A obra transmite uma mensagem social poderosa sobre o sexismo e a indústria do entretenimento, que explora implacavelmente a imagem da mulher. No entanto, o filme vai além, abordando o medo do envelhecimento, a perda de confiança e o auto-ódio. Dessa forma, a não aceitação é entendido como um elemento essencial, que justifica todo o bizarro da obra, o que pode diferenciar do "body horror". A narrativa não deixa espaço para ambiguidades: o filme é direto em sua proposta e utiliza as duas personagens principais como representações de polos opostos. Enquanto a Elizabeth mais velha simboliza a vulnerabilidade, Sue, a versão jovem, é marcada pela hipersexualização.

A abordagem visual de Fargeat, com sua câmera frequentemente em planos fechados, cria um cenário desconfortável e criativo. Os closes nos corpos de ambas as personagens servem para evidenciar o desequilíbrio entre elas. Em Elizabeth, o drama gira em torno do auto-ódio, enquanto a existência de Sue intensifica essa sensação. O desconforto é palpável, especialmente quando Elizabeth, em um encontro com um amigo antigo, não consegue se satisfazer com a imagem refletida no espelho, comparando-se com Sue. Para a versão jovem, o uso quase abusivo da câmera nos corpos durante ensaios e danças com roupas curtas também gera desconforto. Afinal, não é isso o que o público consome? Não é isso o que a mídia vende?

À medida que o filme avança, o conflito entre as duas mulheres se intensifica. Elas começam a se ver como ameaças uma à outra, e, apesar de precisarem da outra para sobreviver, começam a sabotar-se mutuamente. Assim, o filme explora com maior profundidade o gênero "body horror", ampliando a estética visual minimalista e desconfortável. A transformação de Elizabeth, à la A Mosca (1986), reflete a auto-destruição, com o arrependimento e o medo se tornando ainda mais intensos. Algumas cenas chegam a parecer exageradas, mas isso só reforça a proposta distorcida do filme.

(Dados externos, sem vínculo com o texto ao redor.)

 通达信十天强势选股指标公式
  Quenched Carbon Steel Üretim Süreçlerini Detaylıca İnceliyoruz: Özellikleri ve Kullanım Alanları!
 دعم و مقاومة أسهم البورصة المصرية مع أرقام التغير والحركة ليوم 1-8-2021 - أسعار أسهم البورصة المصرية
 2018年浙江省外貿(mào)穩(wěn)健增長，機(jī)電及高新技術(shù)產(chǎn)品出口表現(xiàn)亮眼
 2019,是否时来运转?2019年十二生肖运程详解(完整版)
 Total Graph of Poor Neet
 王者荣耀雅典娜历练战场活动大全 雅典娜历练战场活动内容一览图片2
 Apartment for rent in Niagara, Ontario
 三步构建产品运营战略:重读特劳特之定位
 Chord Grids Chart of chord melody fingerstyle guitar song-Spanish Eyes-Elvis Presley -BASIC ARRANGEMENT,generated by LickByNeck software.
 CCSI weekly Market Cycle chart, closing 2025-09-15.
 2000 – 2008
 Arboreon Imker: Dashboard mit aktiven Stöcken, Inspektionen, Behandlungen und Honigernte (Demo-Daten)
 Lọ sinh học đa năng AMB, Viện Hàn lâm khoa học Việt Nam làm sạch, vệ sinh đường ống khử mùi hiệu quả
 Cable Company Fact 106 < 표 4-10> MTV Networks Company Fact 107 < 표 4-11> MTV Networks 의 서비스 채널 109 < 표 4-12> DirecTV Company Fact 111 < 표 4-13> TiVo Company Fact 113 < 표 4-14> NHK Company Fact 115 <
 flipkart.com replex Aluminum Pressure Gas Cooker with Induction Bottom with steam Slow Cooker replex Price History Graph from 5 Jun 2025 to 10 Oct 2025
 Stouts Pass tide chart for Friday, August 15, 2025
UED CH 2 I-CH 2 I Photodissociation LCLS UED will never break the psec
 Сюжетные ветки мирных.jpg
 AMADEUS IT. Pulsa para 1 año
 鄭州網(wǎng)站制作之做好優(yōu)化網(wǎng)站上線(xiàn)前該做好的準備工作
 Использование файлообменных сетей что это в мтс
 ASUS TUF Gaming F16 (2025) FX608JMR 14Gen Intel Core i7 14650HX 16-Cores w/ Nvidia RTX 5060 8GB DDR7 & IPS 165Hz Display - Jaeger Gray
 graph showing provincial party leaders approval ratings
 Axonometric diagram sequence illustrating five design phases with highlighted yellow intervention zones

Com diversas referências ao terror, simbolismos e uma mensagem social contundente, A Substância é capaz de captar até aqueles que preferem assistir ao gênero sem se preocupar com questões mais profundas. A obra atende a diversas expectativas, especialmente ao incomodar, e embora não seja fácil de absorver, seja pela temática ou pela forma com que a aborda, ela se consolida como um filme relevante para os próximos anos. O debate e a reflexão fazem parte do processo de sua apreciação. Vale destacar também a excelente e emocionante performance de Demi Moore, que traz uma profundidade única à sua personagem, onde muito reflete a própria imagem e trajetória da atriz, como se o filme também tivesse sido idealizado pra ela.